■ **DATASET CONTENT**
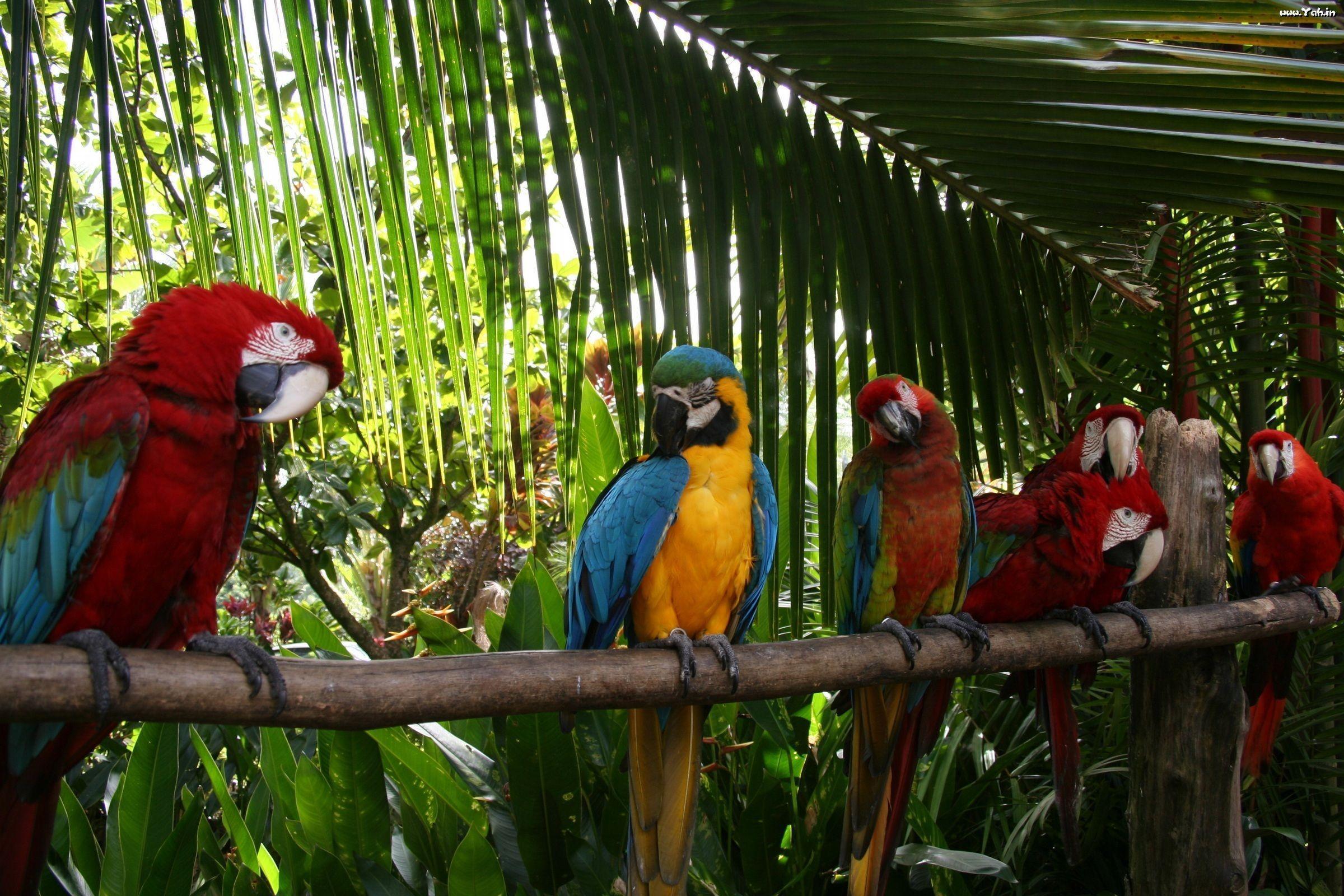 Parrots Wallpapers Wallpaper Cave
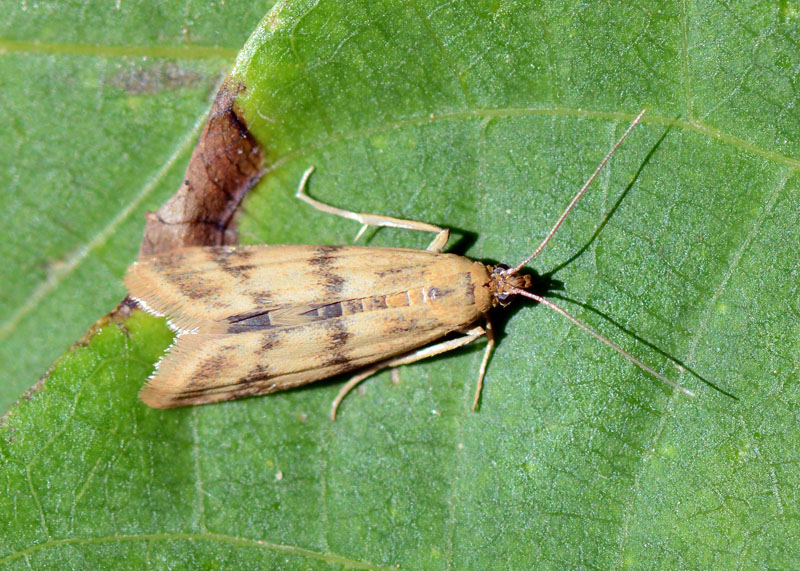 4 Pyralidae da confermare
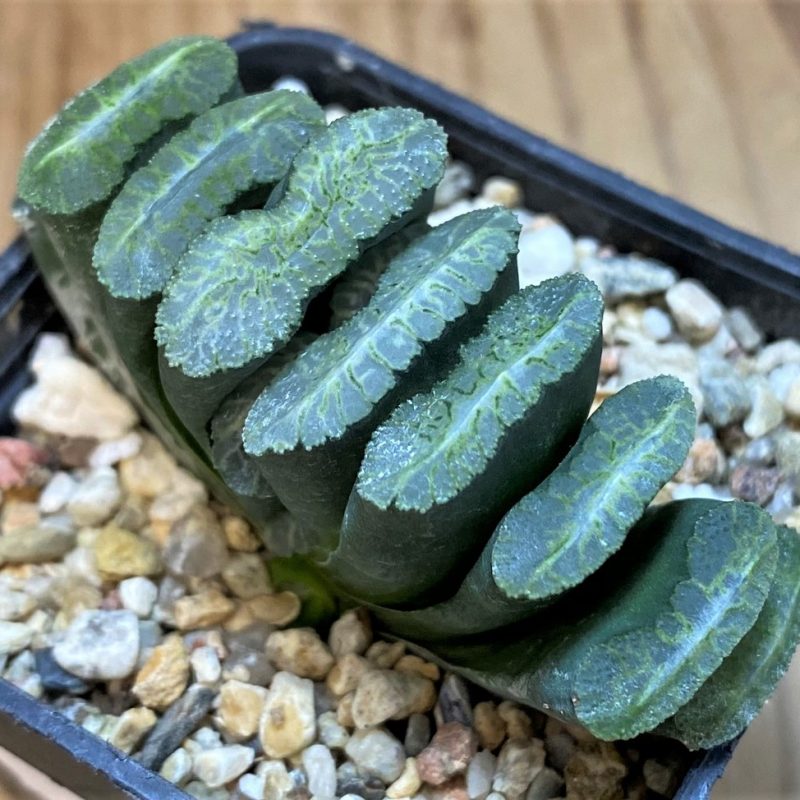 SH27310 Haworthia truncata -Japan-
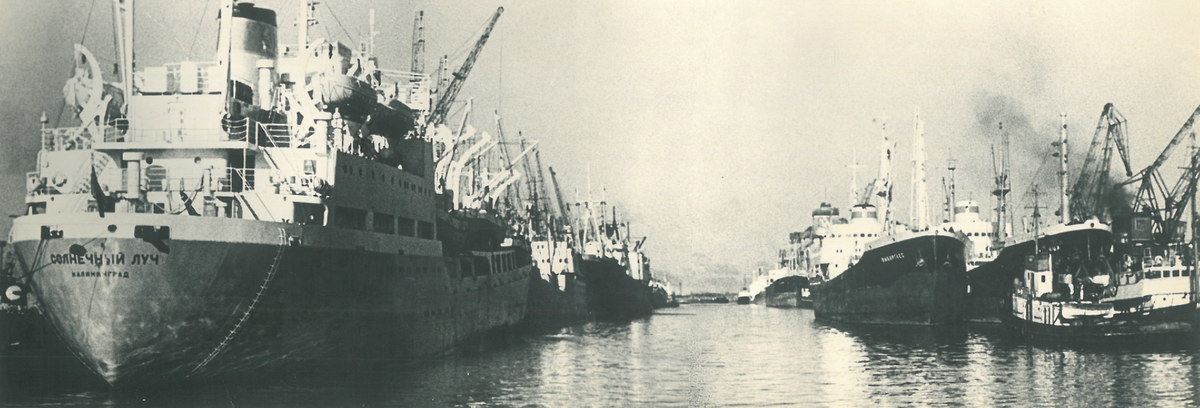 Калининградский рыбный порт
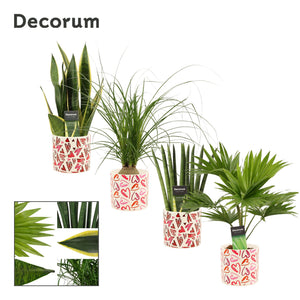 Mixed Green Houseplant in Ceramic Liam Pot – 12cm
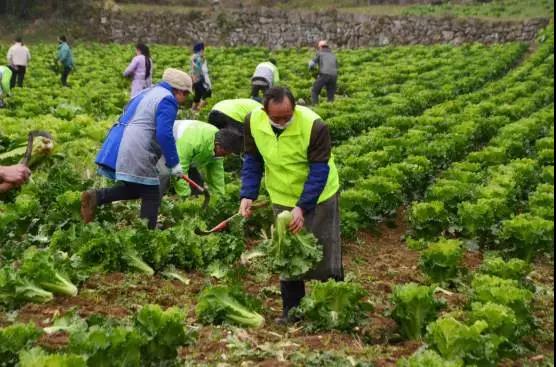 微信图片_20200216231118.jpg 微信图片_20200216231118.jpg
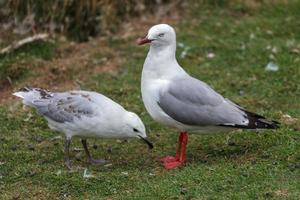 Red-billed Gull parent and juvenile photo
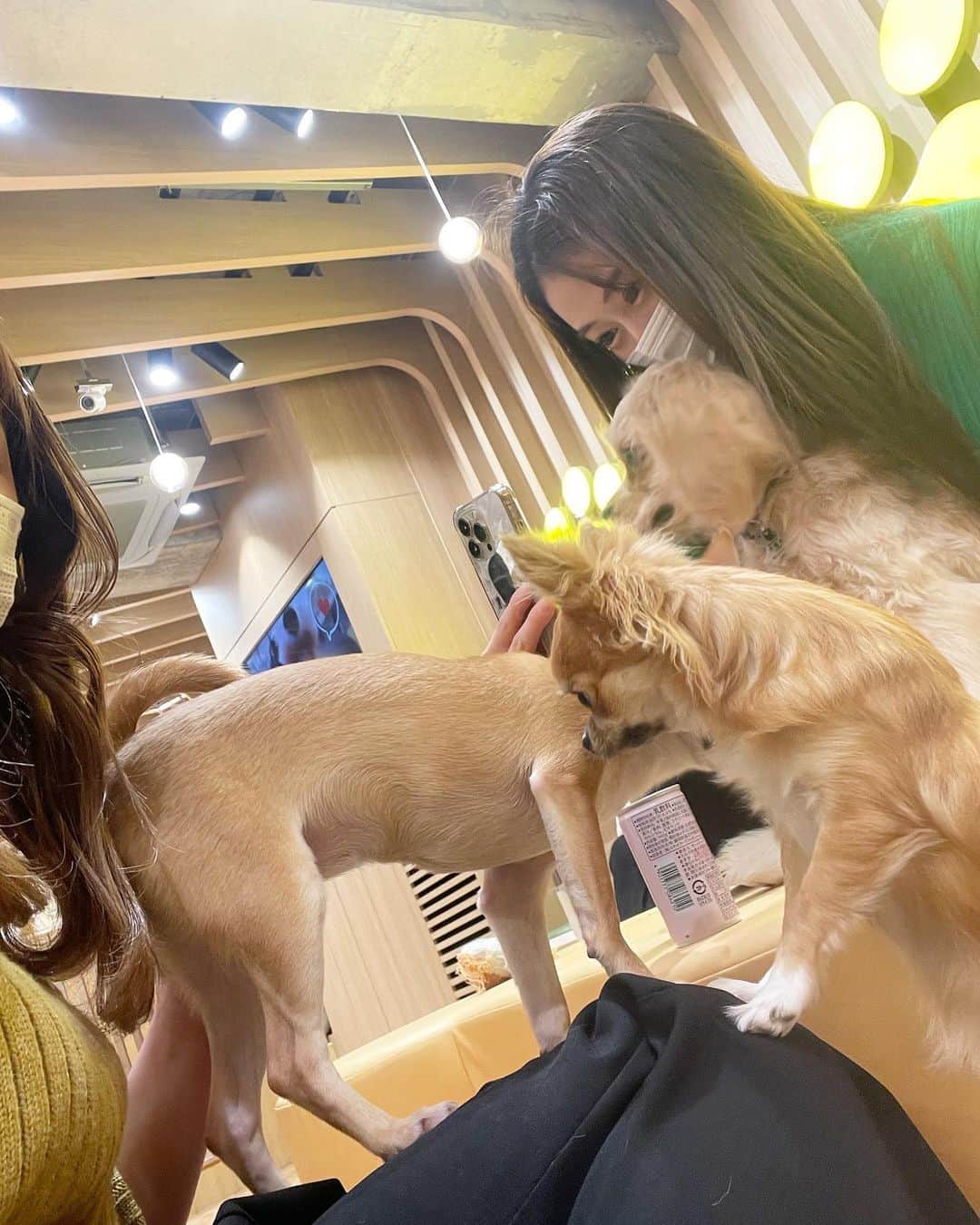小澤しぇいんさんのインスタグラム写真 - (小澤しぇいんInstagram)「ハッピーバレンタイン💝  今年は何も作らずです！  この前久々にまきと会ってカフェとわんちゃんカフェ行って2人で浮気してきました🐶💕 やっぱチワワからモテるんです♡  あと誕生日プレゼントもらったの〜♡ パフュームバームすごく良い匂い💐  #バレンタイン#カフェ#カフェ巡り#犬カフェ#浅草カフェ」2月14日 16時47分 - 1217_shane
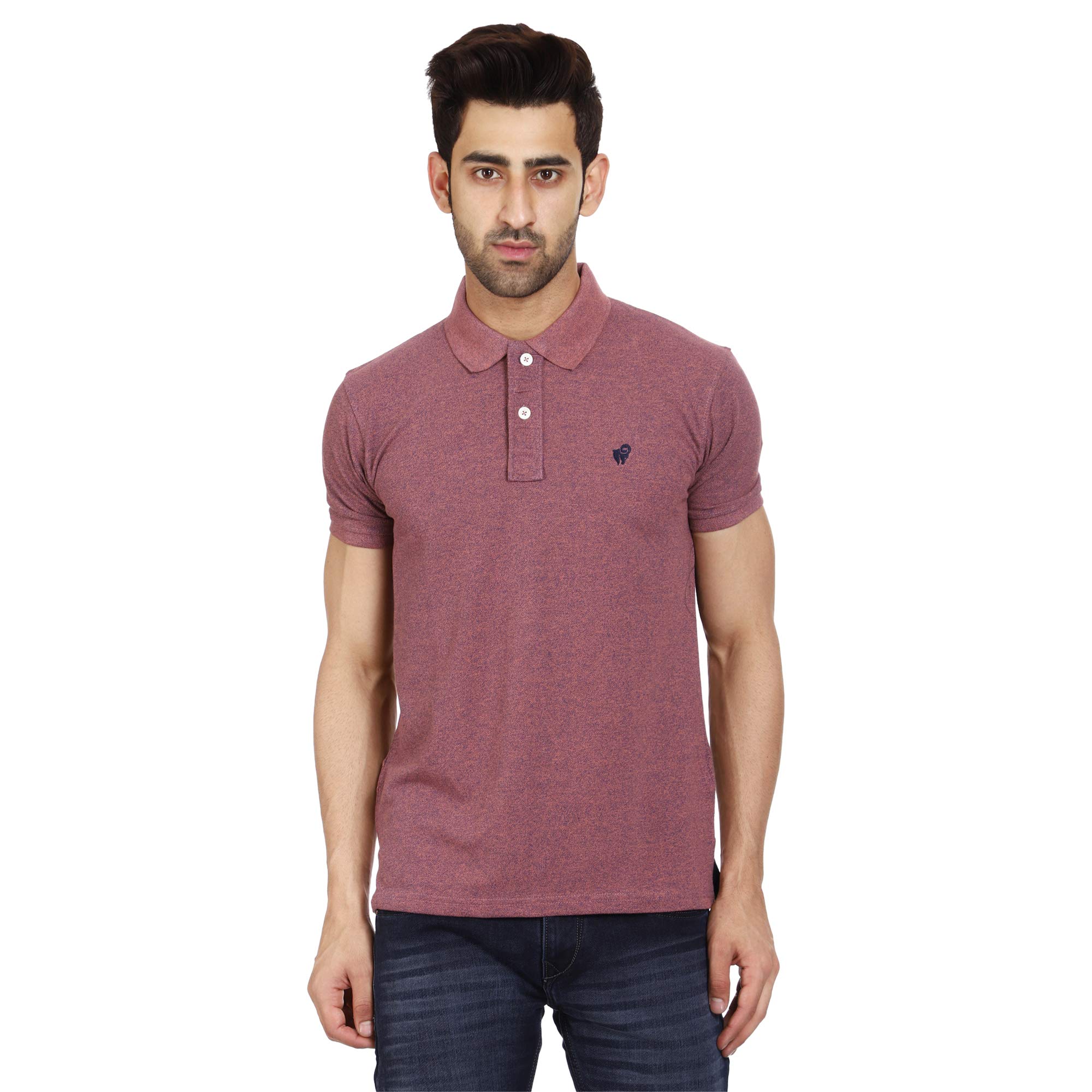 Rich Solid Polo Shirt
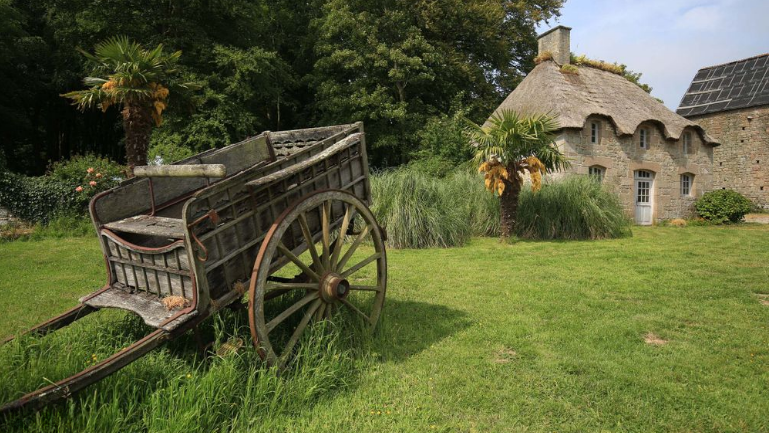 CONCERT MUSETTE 80ème ANNIVERSAIRE au CHÂTEAU de CARNEVILLE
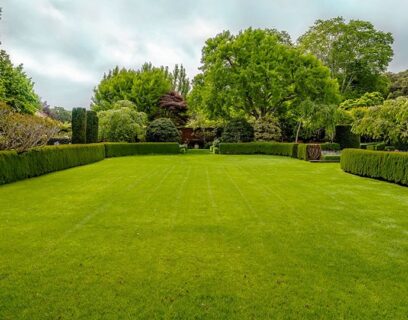 An example lawn with the size of 250 square metres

■ **TASK ITEM**
Write out a verbatim copy of the lines from the line that contains "Rich Solid Polo Shirt" through the end of the entries above; pictures are not copied.

■ **RESULT OF THE TASK**
 Rich Solid Polo Shirt
 CONCERT MUSETTE 80ème ANNIVERSAIRE au CHÂTEAU de CARNEVILLE
 An example lawn with the size of 250 square metres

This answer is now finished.